Some well-known symmetric-key algorithms are Twofish, Serpent, AES (also called Rijndael), Camellia, Salsa20, ChaCha20, Blowfish, CAST5, Kuznyechik, RC4, DES, 3DES, Skipjack, Safer, and IDEA. These algorithms use the same secret key to both hide and reveal information, making them useful for keeping messages private between people who share the key.

Use as a cryptographic primitive

Symmetric ciphers are not only used for encrypting messages. They can also help make sure messages haven't been changed by adding something called a message authentication code. This helps the person receiving the message know if it was altered during travel.

Symmetric ciphers can also be used to create special math functions called hash functions, which help in many security tasks. However, they cannot be used alone for proving that someone sent a message without any help from other parties. Main article: cryptographic primitives Main articles: AEAD, AES-GCM, non-repudiation, hash functions, one-way compression function

Construction of symmetric ciphers

Main article: Feistel cipher

Many modern ways to protect information in blocks use an idea from a person named Horst Feistel. His method helps create special functions that can be reversed, even if the starting functions cannot be reversed on their own. This makes it easier to build strong security tools for keeping messages private.

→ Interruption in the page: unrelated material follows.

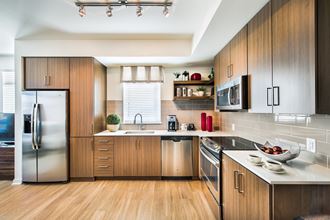 Gourmet Kitchen at 8000 Uptown Apartments in Broomfield, CO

Security of symmetric ciphers

Symmetric ciphers have sometimes been vulnerable to certain types of attacks, such as known-plaintext attacks, chosen-plaintext attacks, differential cryptanalysis, and linear cryptanalysis. To protect against these attacks, the design of each round of the encryption process is very important. Adding more rounds or using longer keys can make the cipher harder to break, but it also makes the process slower.

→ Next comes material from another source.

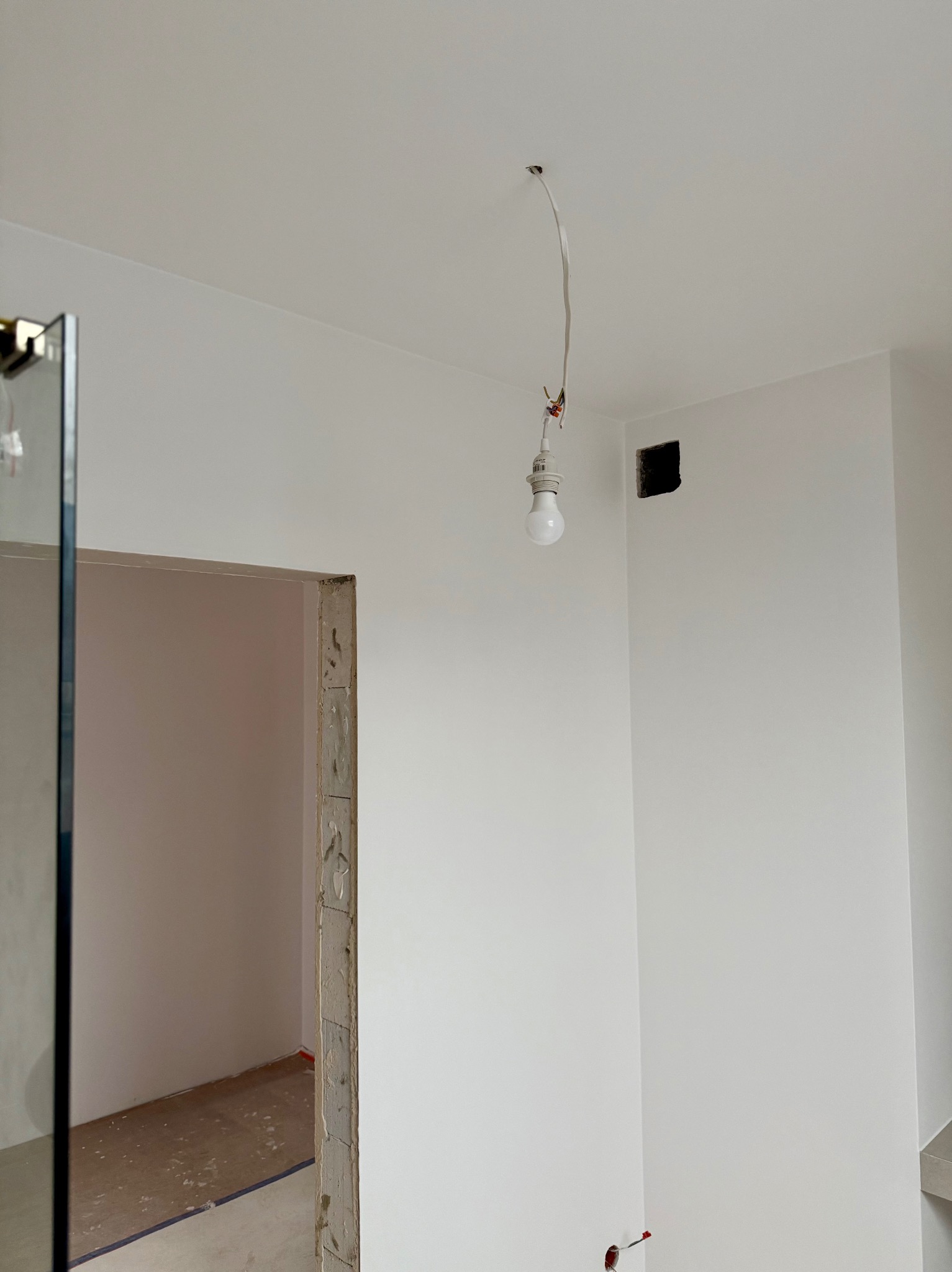 Białe, świeżo pomalowane wnętrze z wiszącą żarówką i widocznym otworem na gniazdko. Widoczny fragment futryny drzwi i surowa podłoga.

Modern symmetric-key algorithms are generally safe even if future quantum computers are developed. While quantum computers could make some ciphers easier to break, using longer keys, such as in AES-256, helps keep information safe. For example, a 256-bit key would remain secure even on a quantum computer, whereas a shorter 128-bit key might not.

Key management

Main article: Key Management Interoperability Protocol

Key management is about taking care of the special codes, or keys, used in secure communication. These keys must be kept safe and shared only with people who need them to keep information private. Proper key management ensures that the keys are created, stored, and used correctly so that messages stay secret and secure between the people who share them.

Key establishment

Main article: Key establishment

Symmetric-key algorithms need both the sender and the recipient to share the same secret key. In the past, this meant someone had to safely deliver the key in person. Today, most systems still use symmetric-key algorithms to protect messages, but they use special methods like the Diffie–Hellman key exchange or other public-key protocol to create a new secret key for each conversation without needing to share it in person. This helps keep information safe and private.

Key generation

Main article: Key generation

Symmetric-key algorithms need special keys to work. These keys are like secret codes that help keep information safe. To make these keys, we often use tools called pseudorandom key generators. But these tools must be very good at making random numbers, or the secret codes might not work well. That’s why it’s important to use a strong source of randomness, called entropy, to start these tools properly. This helps keep our information extra safe.

Reciprocal cipher

A reciprocal cipher is a special kind of code where you can use the same machine to both hide a message and reveal it again. If you type in the hidden message, the machine can show you the original message. This makes it easier because you only need one type of machine for both hiding and revealing secrets.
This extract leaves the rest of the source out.